Second, an amendment at this late stage would have prejudiced defendants. As noted, section 5330 allows a plaintiff to recover three times the amount of actual damages the plaintiff has suffered. (Welf. & Inst. Code, § 5330, subd. (a)(1).) Had defendants been aware that Swendrak was seeking to triple the amount of damages he could have recovered for his claims of negligence and invasion of privacy, they may have engaged in different pre-trial preparation, changed their strategy at trial, or sought a settlement of the case before it went to trial. (See Duchrow, supra, 215 Cal.App.4th at pp. 1381-1383.)

DISPOSITION

The court's May 13, 2016 order is reversed insofar as it grants defendants' motion for judgment notwithstanding the verdict, and grants defendants' motion for new trial. The court's February 29, 2016 order denying Swendrak's motion to amend is affirmed. The judgment entered on March 22, 2016 is reinstated in its entirety and, as reinstated, is affirmed. (See La Manna, supra, 13 Cal.3d at p. 425.) Swendrak shall recover his costs on appeal.

EDMON, P. J. and ALDRICH, J., concurs.

FootNotes


1. Because defendants share the same last name, we will refer to them individually by their first names.

Although the operative second amended complaint also named Raymond Urode as a defendant, he is not a party to this appeal.

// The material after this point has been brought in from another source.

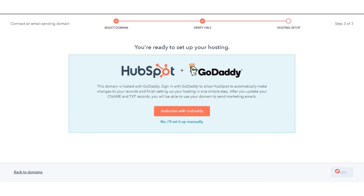Now HubSpot will ask for DNS verification. Click on the Authorize tab or add details manually. Sign in to your DNS provider and verify your URLs.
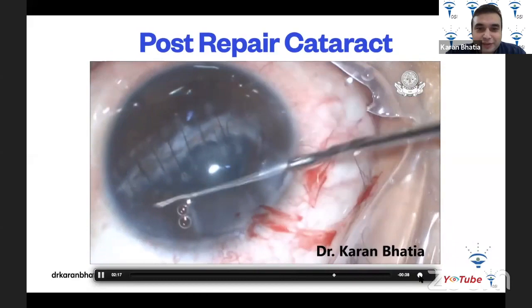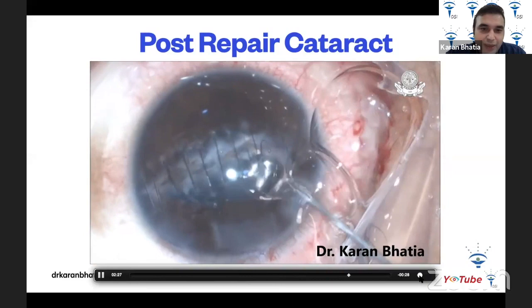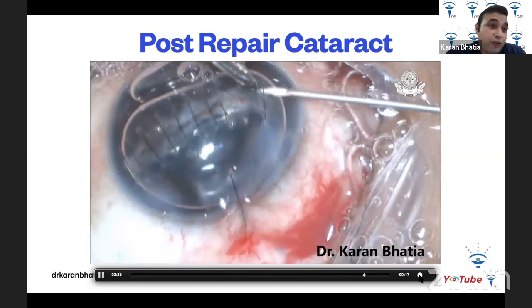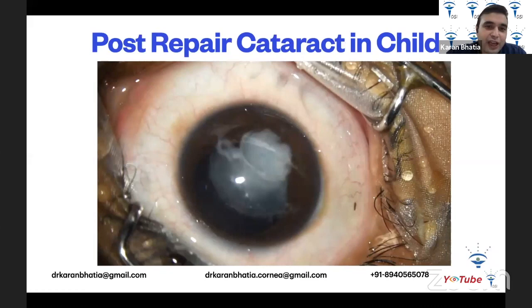This video is from 2016. After removing all the viscoelastic from the anterior chamber, some air is injected. The main incision is sutured and loose sutures are removed. Sutures should ideally be removed at three months, but loose sutures must always be removed promptly as they can result in a suture infiltrate. The patient did very well.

2. Darvin did not testify at trial.
3. Joyce also testified that she had worked as a registered nurse for 25 years and that based on her experience in the medical profession, it was common "knowledge" and "sense" that one should not disclose medical information about another person.
4. In 2015, after Swendrak filed this lawsuit, defendants tried to evict him from his unit.
5. We do not discuss in detail Swendrak's claims based on the alleged physical altercation with Joyce because none of those claims are at issue in this appeal.
6. Other than references to section 5150, all undesignated statutory references are to the Code of Civil Procedure.
7. Because we reverse the court's May 13, 2016 order granting defendants' JNOV motion on the merits, we do not address the issue of whether the motion was timely filed.
8. Welfare and Institutions Code section 5330, subdivision (a), provides in relevant part: "Any person may bring an action against an individual who has willfully and knowingly released confidential information or records concerning him or her in violation of this chapter, or of Chapter 1 (commencing with Section 11860) of Part 3 of Division 10.5 of the Health and Safety Code, for the greater of the following amounts: [¶] (1) Ten thousand dollars ($10,000). [¶] (2) Three times the amount of actual damages, if any, sustained by the plaintiff."